A vintage furniture with orange peel wall on the background
Photo: Svante Berg / EyeEm / EyeEm Premium / Getty Images

Another food-inspired technique, orange peel drywall can be done in either fine, medium, or heavy styles. The heavier the style, the larger the pattern appears in the drywall. Orange peel is a spatter texture that has a smoother look than popcorn, and it’s a good option if you want to increase the durability of your walls. It’s not the easiest look to achieve, so it may be best to call in a local drywall contractor for the job.

4. Machine Brocade

Machine brocade technique is commonly used in modern design, and looks kind of like a map.
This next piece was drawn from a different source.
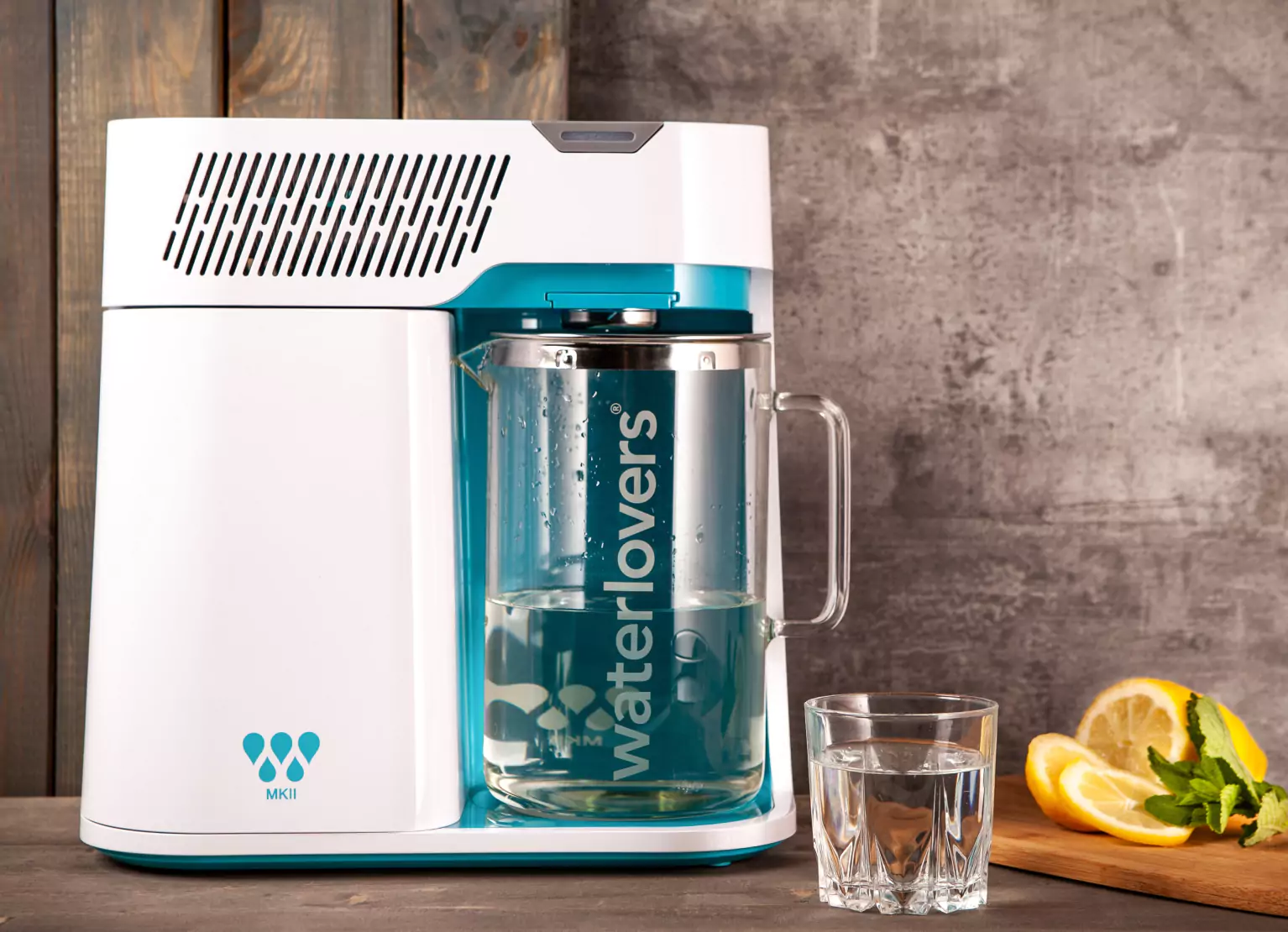 Water filter on a table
You spray the drywall from either a large hopper or a hand-held machine in random formations to add textural variety. This technique is popular because it’s easy to patch a drywall hole and then cover it with brocade, leaving any dings unnoticeable.

5. Comb

A professional applying plaster on a wall with a comb
Photo: German S / Adobe Stock

Combing is done with a toothed trowel, and looks like a surface that’s been gone over with a comb. The most popular technique for this look is to do a half-fan design, where you do a half circle with the trowel, stop, then repeat. However, aside from the combed texture, the design is customizable, so you can let your imagination dictate the look of your room.

6. Spray Sand

Spray sand texture is one of the easiest to do, as it just involves mixing sand with your water and primer, letting it rest overnight, then spraying it on the wall or ceiling with a spray gun. The texture looks like wet sand—kind of like the orange peel look, just a little rougher. It’s another of the more durable choices for your walls or ceiling.

7. Sand Swirl

This is another texture that uses sand, and is a mixture of the comb technique and the spray sand technique. Sand is mixed in with the primer and water, then applied using the combing technique. You can use a medium or thick bristled brush or a wallpaper brush, and is usually applied in swirling shapes.

8. Slap Brush

Slap brush technique is also referred to as stomp brush or crow’s feet. You basically roll a layer of drywall onto your surface, then take a slap brush (a brush with stiff bristles) and slap drywall onto the surface. This might be a messier technique, but you can overlap your slaps and the end result looks flower petals.

9. Lace

Lace, sometimes called Spanish Lace, gets its name from Spanish lace fans. It resembles a lace fan and is an intricate design, and homeowners like it because you can easily cover cracks and dings. To get this look, drywall mud is slapped on the wall, or applied with a roller or spray gun, then you take a knife and carve in a design while the wall is still wet.

10. Knockdown

The knockdown technique is actually a combination of spray, stomp, or brushing with a dragging technique. Once you’ve applied your drywall using one of the three methods, you take a tool like a wallpaper smoother or a putty knife and create random patterns. There are many different looks you can achieve with this technique, depending on the thickness of your drywall and the method you start with.

11. Rosebud

Rosebud is akin to the stomp brush technique and will achieve a similar look. However, when you’re applying the drywall, instead of slapping it onto the wall, you slap, then brush in a long stroke so you’re left with a design that looks like long flower petals. In this technique, you shouldn’t overlap as you’re applying the drywall. It’s one of the more difficult types of drywall application to do, but if you can master it, the look is beautiful.

12. Venetian

Venetian application is definitely the most difficult in the list, and it takes the longest to master. For the Venetian technique, you mix plaster and marble dust together, then apply it to your surface in multiple thin layers. Once everything is dry, you sand and buff the surface, and the wall looks like an Italian painting. This technique leaves the surface completely smooth but textured looking, which is why it’s more difficult to achieve.